In today’s online marketplace, furthermore, it is more important than ever to listen carefully to customers on social media, where one complaint might become highly visible. In the fashion industry this is even more critical than in other fields, as responsiveness to popular trends is a key driver for success. The Internet is changing Rudsak’s retail business in other surprising ways, as well.
“Forty percent of our online customers who made a purchase did so before 6 a.m. and 80 percent of people who walk into our stores have been on our website that day or the day before,” Peloquin explains. “They are educated about our products and already know what they want when they walk in the door.”

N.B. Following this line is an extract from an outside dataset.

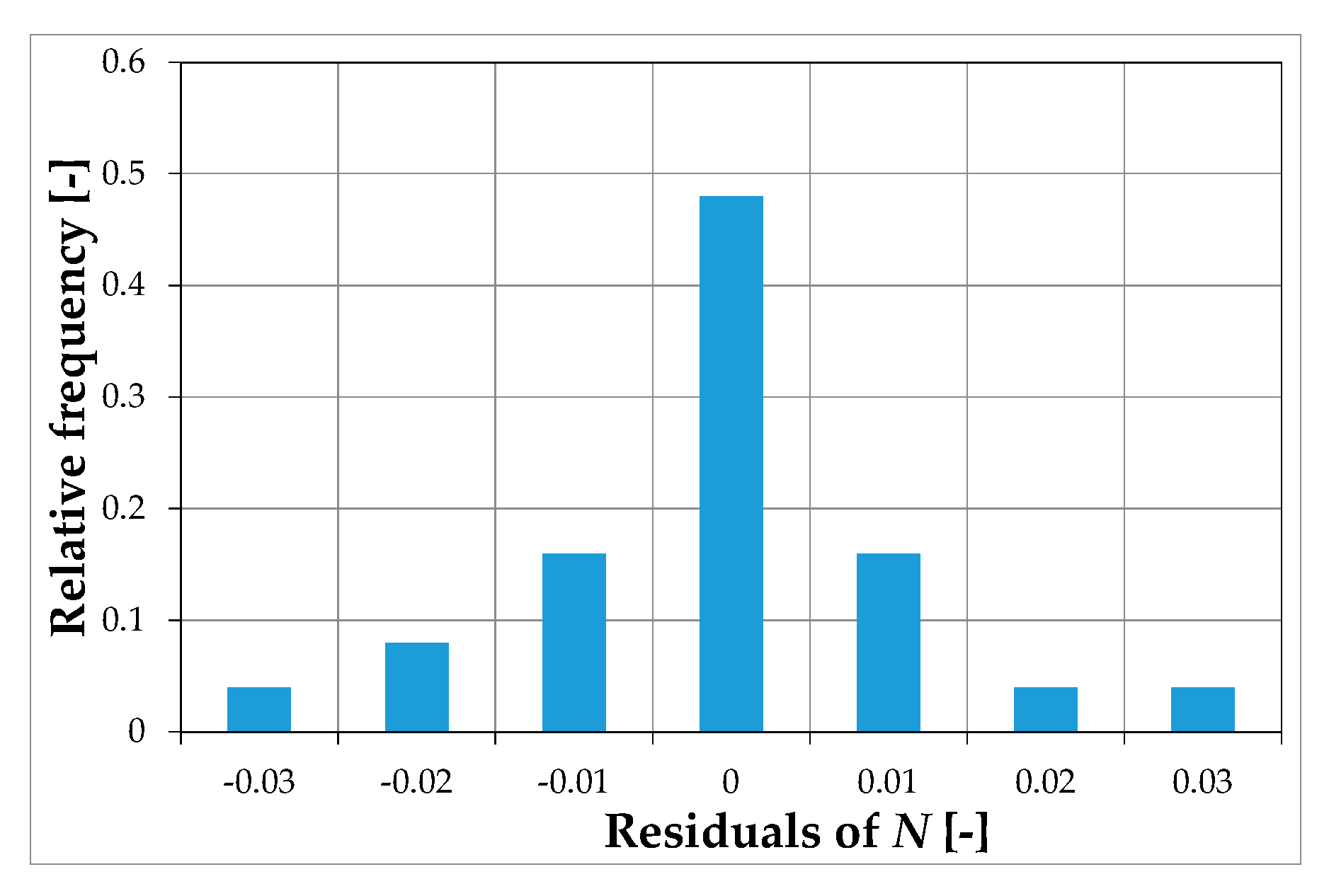 Energies 13 05224 g003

Rudsak also is offering bundles of products. “At McDonalds, they don’t just sell you one cheeseburger,” Peloquin explains. “They sell an entire meal of food bundled together. We can do the same thing, selling entire outfits rather than just one piece of clothing at a time.” This approach to commercialize products happens in all of its channels of distribution: eCommerce, retail and wholesale. In terms of training to support such an approach, Rudsak is listening to customers. They build their own bundles on the web which it then utilizes in all other channels. Access to products knowledge via iPad is greater than trying to know it all by heart. The information age is moving too fast.